Outre les pesanteurs familiales, elle a eu à subir les inquisitions des islamistes, lui imposant le port du hidjab. Elle finit par demander une mutation, et en Kabylie, elle gagne un peu plus d’indépendance. Quinquagénaire, elle vit plutôt sa solitude comme une bouffée d’air frais. Parfois, il lui est difficile de trouver un appartement à louer, une femme vivant seule peut susciter quelque méfiance.
Elle se consacre à son enseignement et passe le reste de son temps libre à écrire, et surtout à participer à toute manifestation culturelle, littéraire, quel qu’en soit l’organisateur.
Saïd Gada
Aïcha.
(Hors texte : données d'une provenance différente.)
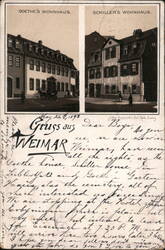 Goethe's and Schiller's Residences in Weimar, Germany Postcard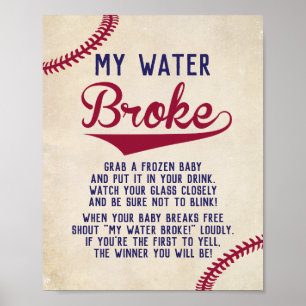 Poster Beisebol Era O Chá de fraldas Que Meu Jogo De Água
Constantine : je ne supporte plus de diktat
Aïcha, sexagénaire, nouvellement retraitée de l’enseignement, a, tout naturellement, appris à vivre seule dans son petit F3 depuis le décès de sa vieille mère –avec laquelle elle avait toujours vécu–, survenu il y a quatre ans. «Je ne crois pas qu’on s’habitue à la solitude, surtout lors d’événements religieux, comme le Ramadhan et les fêtes, mais la seule famille qui me reste, ce son mes deux frères cadets avec lesquels je ne m’entends pas bien ; étant célibataire endurcie, comme ils disent, je ne supporte plus de diktat.»
Pimpante, et surtout courageuse, elle s’efforce d’assumer ce statut imposé de femme seule. Selon elle, la société n’est pas indulgente. Aïcha essaie malgré tout de perpétuer certaines traditions. Chorba, bourek et autres douceurs sont donc toujours de mise chez elle, même si elle n’arrive pas à «apprécier vraiment».